There is little doubt that 2019 will be the year we begin to embrace 5G phones. This fifth-generation standard for mobile communications will handle more data than is currently possible and allow the simultaneous connection of multiple devices. However, you will need a new handset and a new and more expensive 5G-specific tariff. The hardware will likely arrive a few months before the networks can handle it, so phones labelled “5G ready” will become familiar fixtures at the top of Carphone Warehouse’s range.

Back at Las Vegas, the attention is as likely to be on the car park as in the convention centre. Automotive technology has always been the Cinderella of the industry, given the longer product development cycle that cars require, but “digital cockpits” are showing signs of changing that. These are media players that can slot into any compatible dashboard and which incorporate voice activation, touch screens and even steering wheel controls.
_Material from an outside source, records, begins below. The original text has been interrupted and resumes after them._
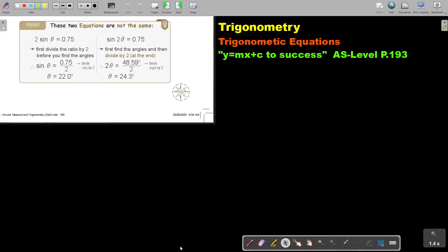In this video, we will continue with trigonometric equations. You will find this on page 193 in the Namibia A-S level mathematics textbook, 'y equals mx plus c to success.'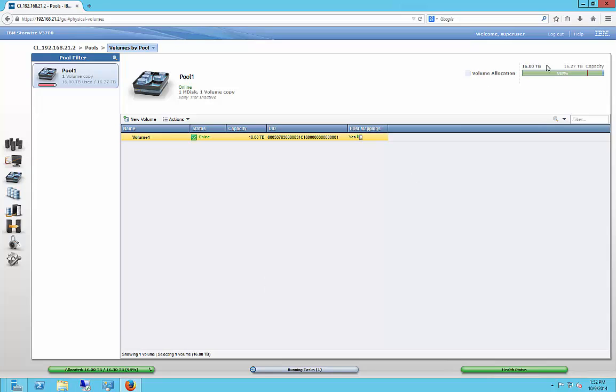All right, so now our IBM Storewise part is all set. And we can go ahead and go into the iSCSI side of things. And we can see our drives. And we can go ahead and initialize the disk. And we can start the clustering process.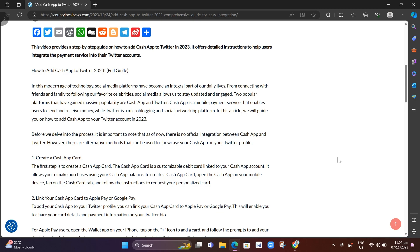Two popular platforms that have gained massive popularity are Cash App and Twitter. Cash App is a mobile payment service that enables users to send and receive money, while Twitter is a micro-blogging and social networking platform. Now I'll show you how to add Cash App to your Twitter account.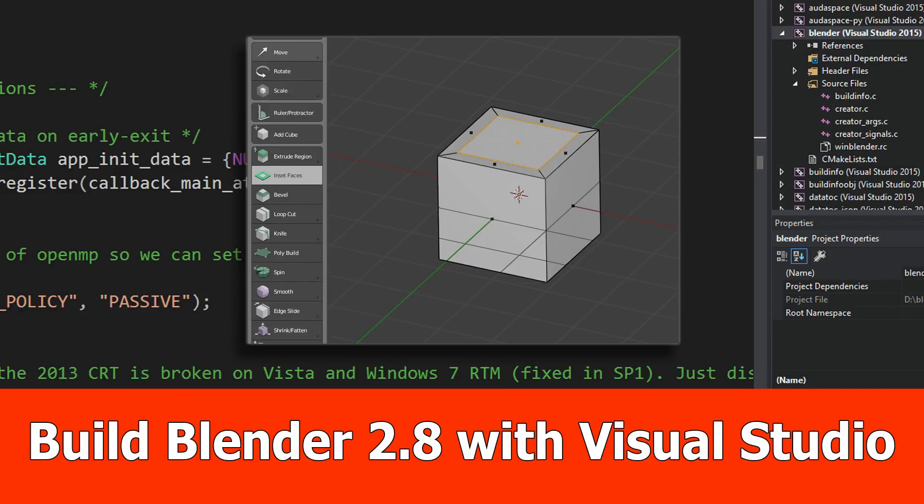Hello guys, today I will show you how to get the Blender 2.8 sources and build it with Visual Studio 2017 on Windows 10.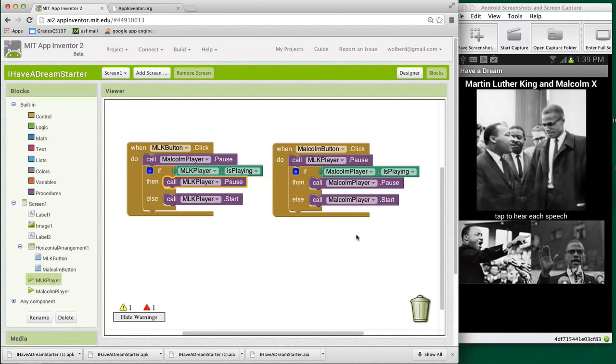And basically this kind of set of event handlers with conditionals in them, this is what an app or really any kind of software program is made of. So anyway, here's a quick intro to app building with App Inventor and event handlers.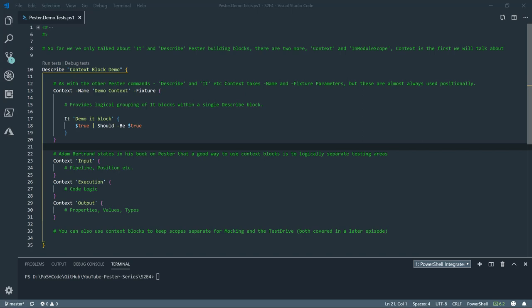Hi, my name is Jim Moyle and welcome to episode 4 of my PowerShell and PESTA series. We're going to go over two more of the PESTA building blocks which will be context and in module scope.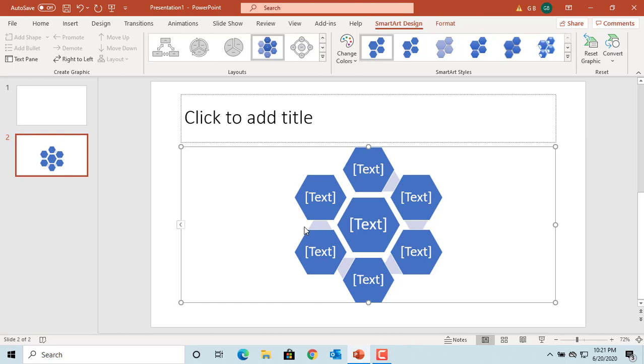You can see the graphic is changed. You can add the text in the shapes or in the text pane. Click on Text pane under SmartArt Design tab.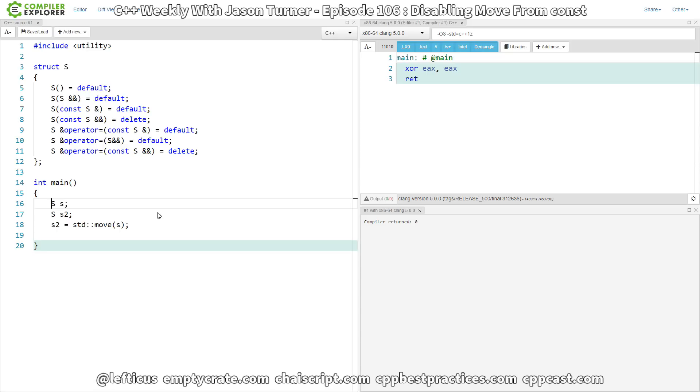And in fact, both clang-tidy and cppcheck are getting very good at things around moving from const or trying to operate on an object that has been moved from. Be sure to subscribe, follow me on Twitter, and check out any of the links below.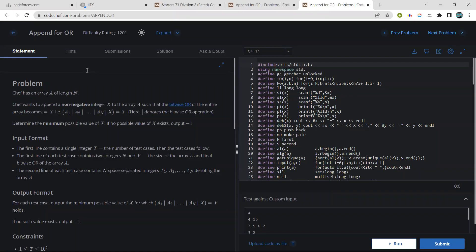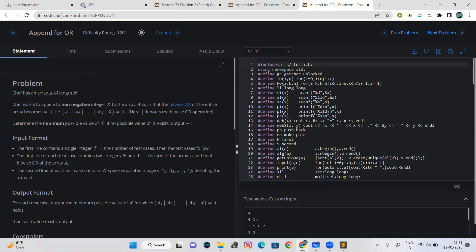Today we will be solving CodeChef Starter 73 problems. Let's start with the first problem which is 'Append for All'. The problem says Chef has an array of length n and Chef wants to append a non-negative integer x to the array such that the bitwise OR of the entire array becomes equal to y. We have to determine the minimum possible value of x, and if no possible value of x exists, output minus 1.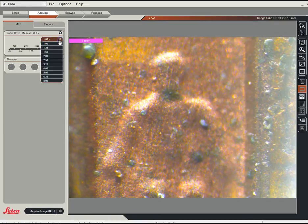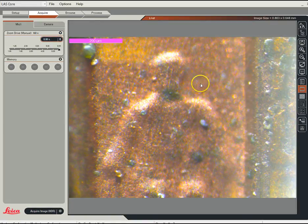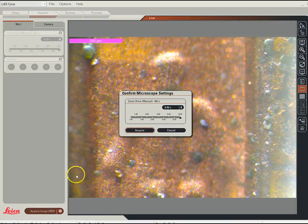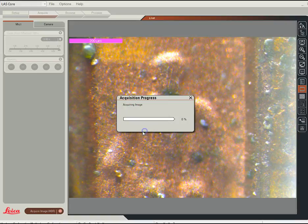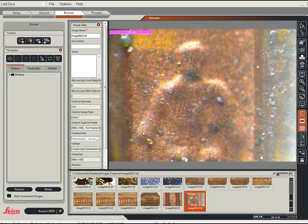I'm going to tell the computer that I'm using an 8x magnification — that's 200 microns there. Now again, you just come in and take the picture, acquire the picture. It double checks to make sure you have the zoom set, hit Acquire, and that picture should show up at the bottom of the image gallery.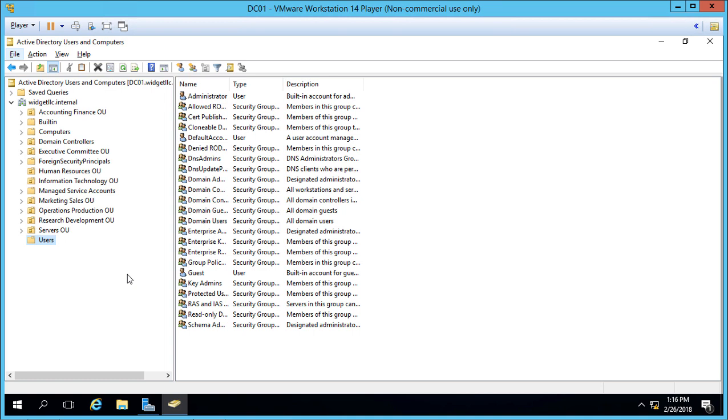We're in Windows Server 2016 in Active Directory Users and Computers, and let's discuss how to create a new administrator in our domain.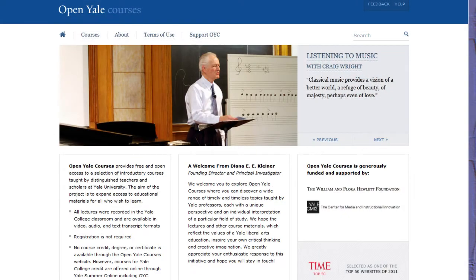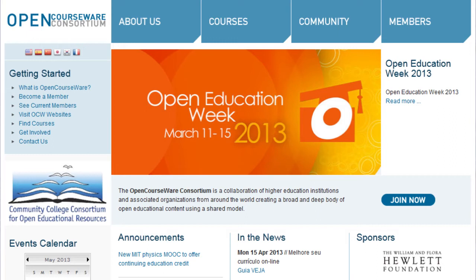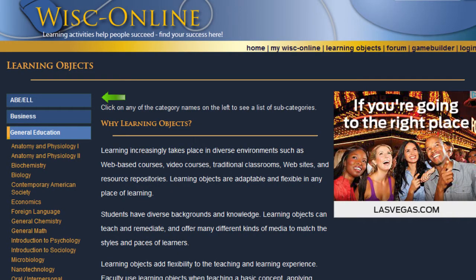Yale OpenCourseWare offers a wider variety of disciplines and also contains lectures from actual class sessions. Beyond Yale and MIT, you can find a full list of OpenCourseWare links at the OCW, or OpenCourseWare Consortium. If you are looking for more interactive activities instead of lectures, check out University of Wisconsin's WISC Online.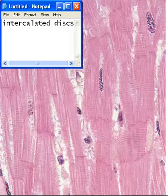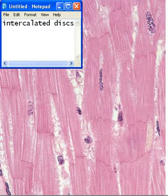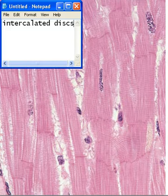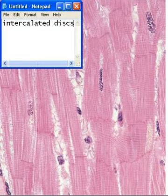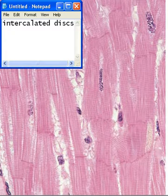Hello everybody, and today as of now, this is the last muscle tissue that I will be showing you for the night. So, it's cardiac muscle, its function is to pump blood, and its location is in the heart. It's pretty simple, obvious.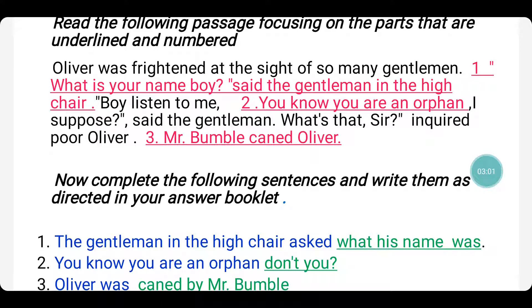You shouldn't write 'what was his name' because in the question format it is verb plus subject. Whereas when you change it into a statement, you need to make it subject plus verb. 'His name' is the subject and 'was' is the verb. You all know the conversion of tense — 'is' changes to 'was', that is present to past.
Harman, the car audio division of Samsung, is behind the latest models, but once the car makers catch up and begin including the correct dashboard mounts across their ranges, the other brands will quickly follow.

The digital cockpit’s uses are more obviously apparent than those of LG’s 65in flexible TV which disappears like a roller blind when you’re not watching it, or of Samsung’s colossal 146in model that takes over an entire wall and can double as wallpaper when there’s nothing more interesting to watch. If you thought the season for turkeys had just passed, there will be a few more where they came from next month.